**Dataset records**:
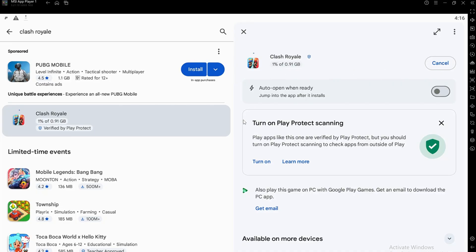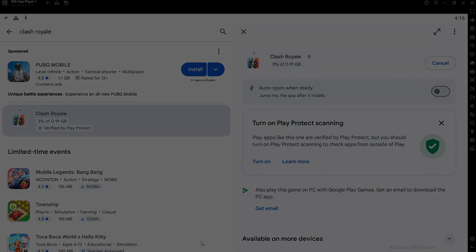And that's it. You've now learned how to play Clash Royale on your school computer using an Android emulator like BlueStacks or MSI App Player. Thanks for watching.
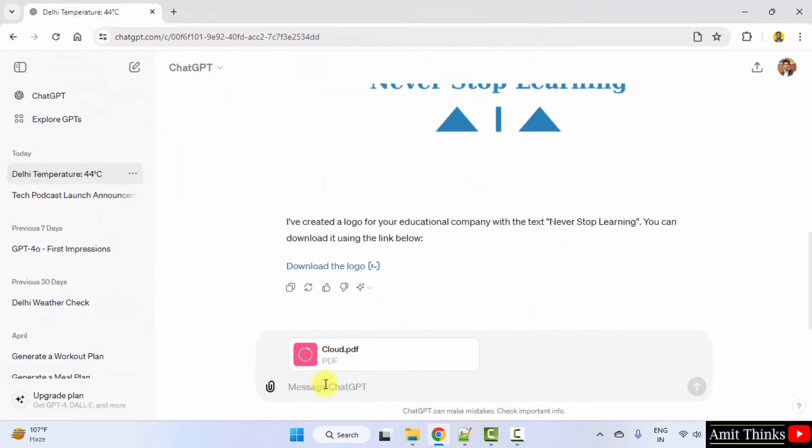Here it is. Now, what I will do? Summarize this PDF document and generate some key insights.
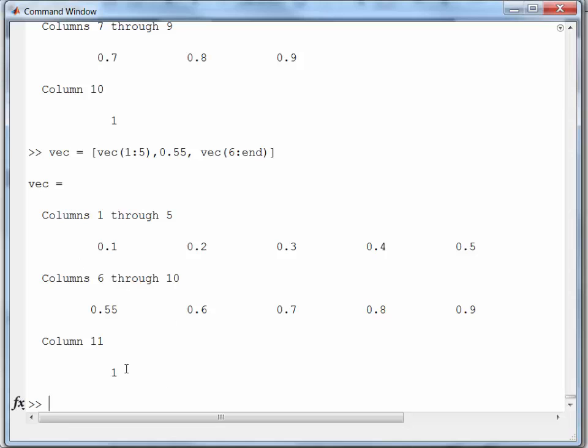Okay. And look, now I've got, so this is, I've got 0.55 right here in the middle. So, that's the way you can insert values into a vector before you plot.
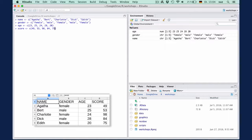Now we have four vectors, each of length five, where the first elements contain the data for Agatha, the second elements the data for Bert, and so on.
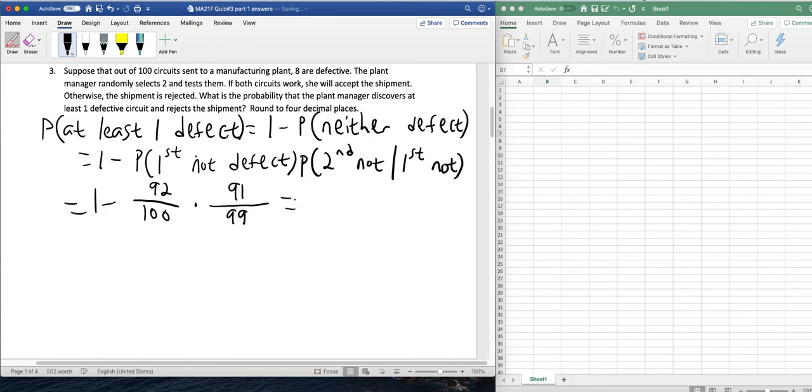And if you put this into our calculator, you get a probability of about 0.1543.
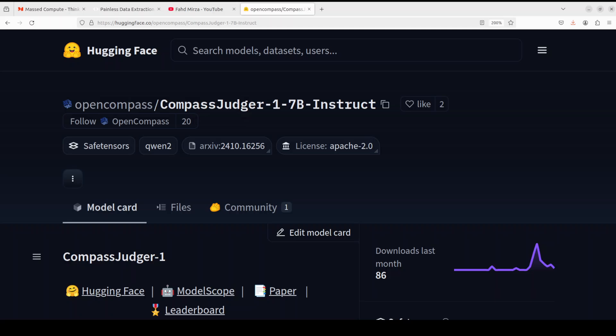Hello everyone, welcome to the channel. In this video I'm going to show you a very interesting model called Compass Judger. If you've been following my channel, you know that I deal with a lot of large language models almost every day. The one problem we all face when deploying these LLMs is their evaluation.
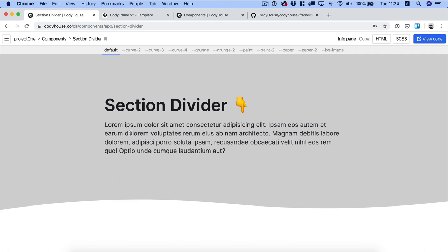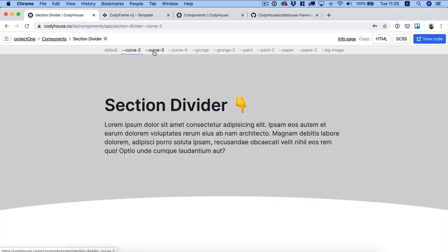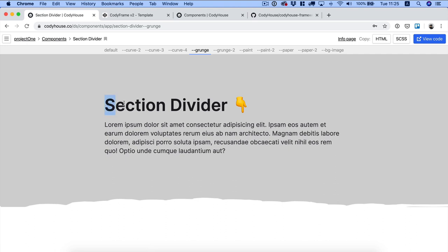Hello and welcome to this Kodi House tutorial. Today we are going to create together SVG section dividers. Let me show you a few examples. We just published a new component on Kodi House called section divider, and we have a collection of dividers that you can copy and paste into your project. You can create as many effects as you want, and today I'm going to show you how you can create your own.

**Problem requirements**:
Write out the entries again, word for word. No images.

**Solution**:
And that's it. You've now learned how to play Clash Royale on your school computer using an Android emulator like BlueStacks or MSI App Player. Thanks for watching.
Here it is. Now, what I will do? Summarize this PDF document and generate some key insights.
Okay. And look, now I've got, so this is, I've got 0.55 right here in the middle. So, that's the way you can insert values into a vector before you plot.
Now we have four vectors, each of length five, where the first elements contain the data for Agatha, the second elements the data for Bert, and so on.
And if you put this into our calculator, you get a probability of about 0.1543.
Hello everyone, welcome to the channel. In this video I'm going to show you a very interesting model called Compass Judger. If you've been following my channel, you know that I deal with a lot of large language models almost every day. The one problem we all face when deploying these LLMs is their evaluation.
Hello and welcome to this Kodi House tutorial. Today we are going to create together SVG section dividers. Let me show you a few examples. We just published a new component on Kodi House called section divider, and we have a collection of dividers that you can copy and paste into your project. You can create as many effects as you want, and today I'm going to show you how you can create your own.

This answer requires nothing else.